§ Task to carry out: Once the line with "Blox 10-Piece Drawer Organizer Set" is found, write it out along with each later line exactly, through the end of the entries, skipping every picture.

[Saved entries]
————————
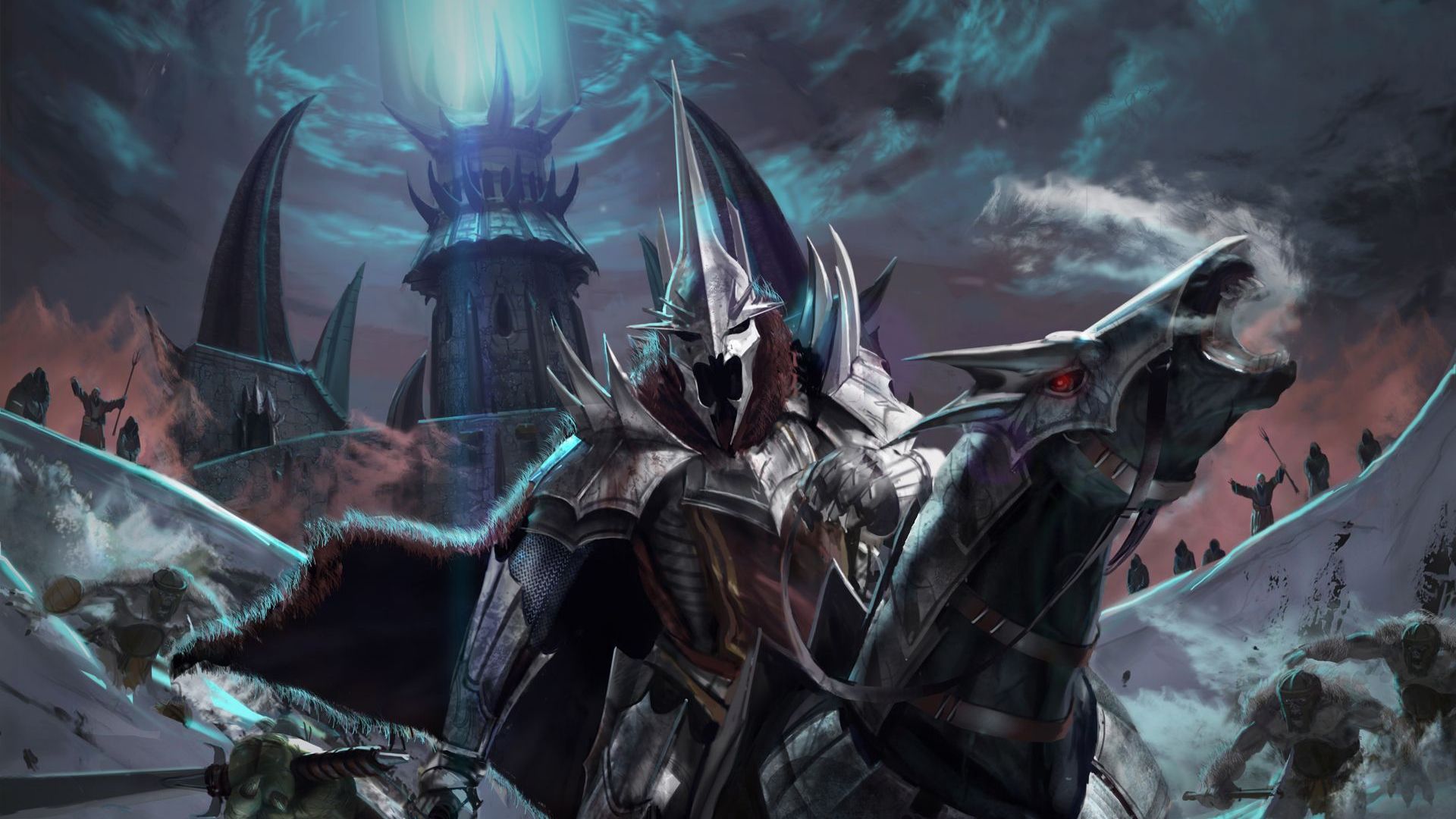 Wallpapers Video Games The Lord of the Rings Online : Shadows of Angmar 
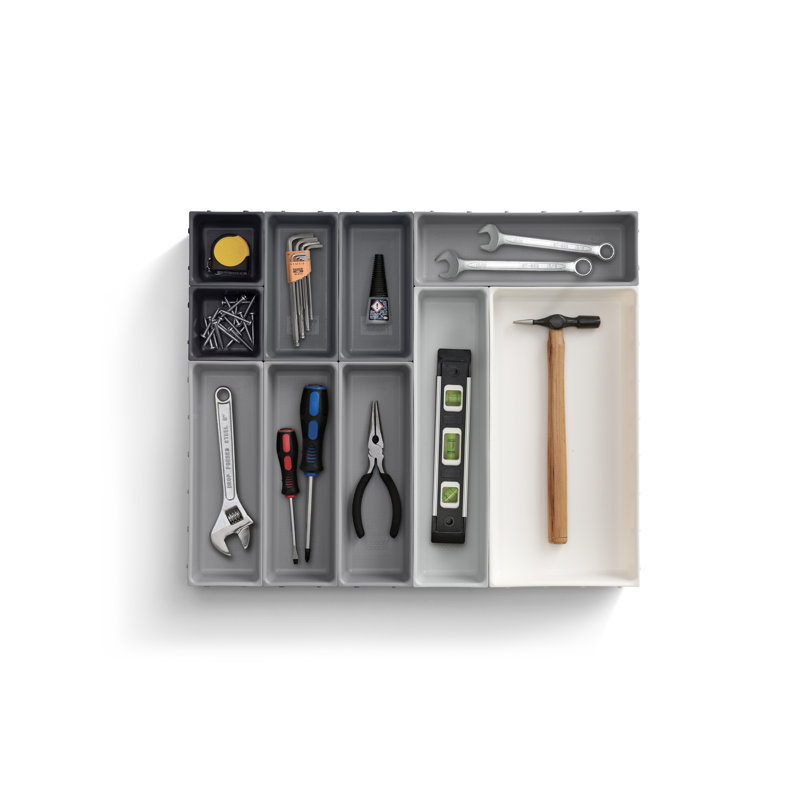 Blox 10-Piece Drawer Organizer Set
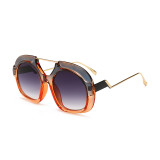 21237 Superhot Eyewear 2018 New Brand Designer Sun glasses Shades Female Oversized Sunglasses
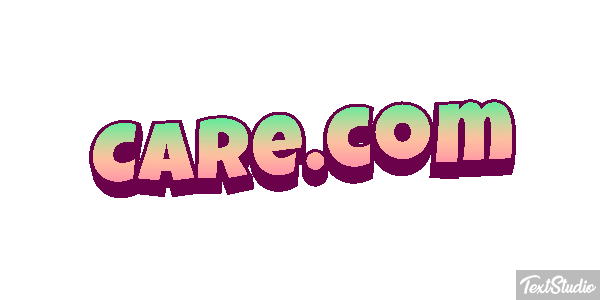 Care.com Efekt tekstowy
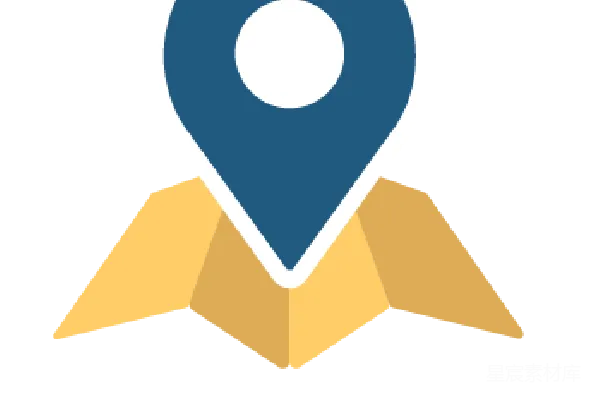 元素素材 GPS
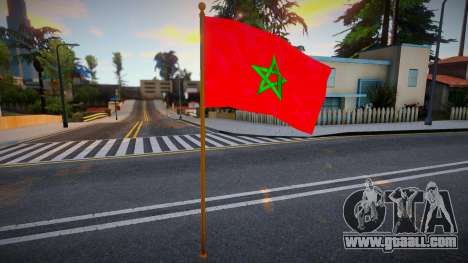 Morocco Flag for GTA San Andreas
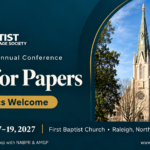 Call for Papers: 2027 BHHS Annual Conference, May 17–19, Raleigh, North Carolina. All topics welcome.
————————
§ Solution:
 Blox 10-Piece Drawer Organizer Set
 21237 Superhot Eyewear 2018 New Brand Designer Sun glasses Shades Female Oversized Sunglasses
 Care.com Efekt tekstowy
 元素素材 GPS
 Morocco Flag for GTA San Andreas
 Call for Papers: 2027 BHHS Annual Conference, May 17–19, Raleigh, North Carolina. All topics welcome.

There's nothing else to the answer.